* **Input data**
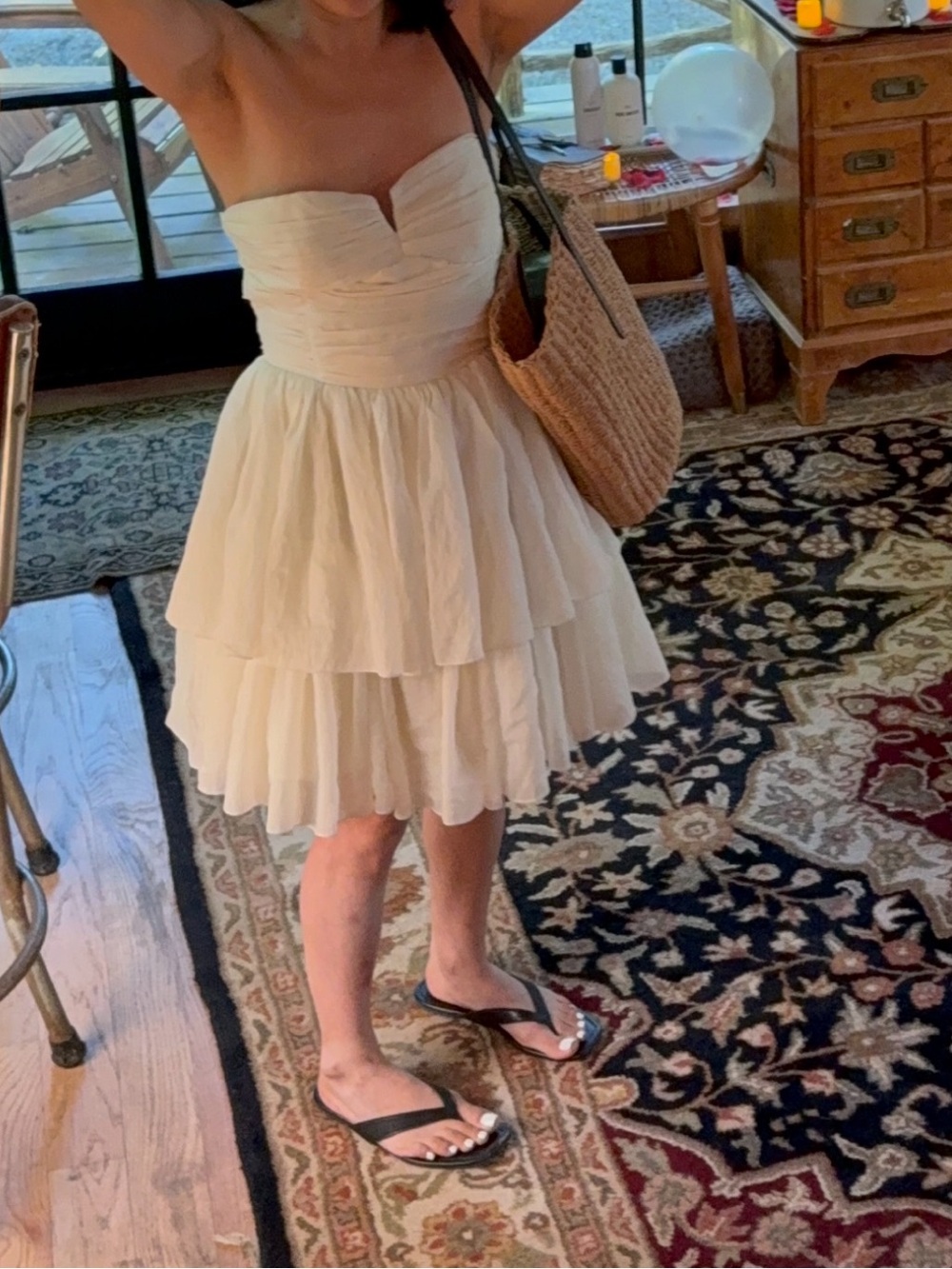 H&M White Ruffled Strapless Party Dress for Girls - Picture 10 of 10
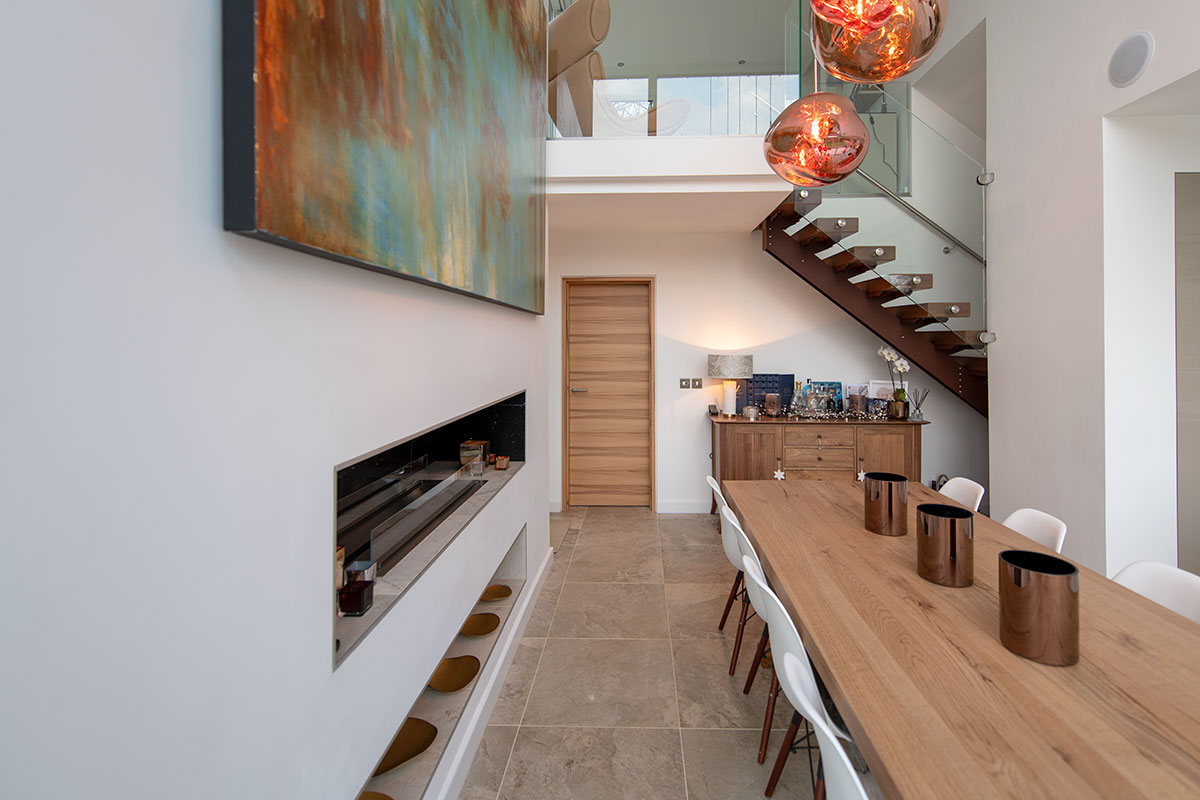 Bespoke Internal Door Trem H Natural Oak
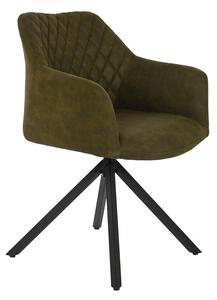 Chair DKD Home Decor Black Green 55 x 58 x 83 cm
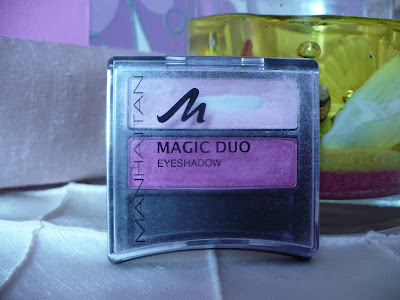 Cienie do powiek Manhattan Magic Duo - Illuminate Pink.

* **Exercise brief**
Starting from the line that has "Chair DKD Home" and ending at the last line of the material above, every line should be output exactly; pictures are dropped and nothing else appears.

* **Problem solution**
 Chair DKD Home Decor Black Green 55 x 58 x 83 cm
 Cienie do powiek Manhattan Magic Duo - Illuminate Pink.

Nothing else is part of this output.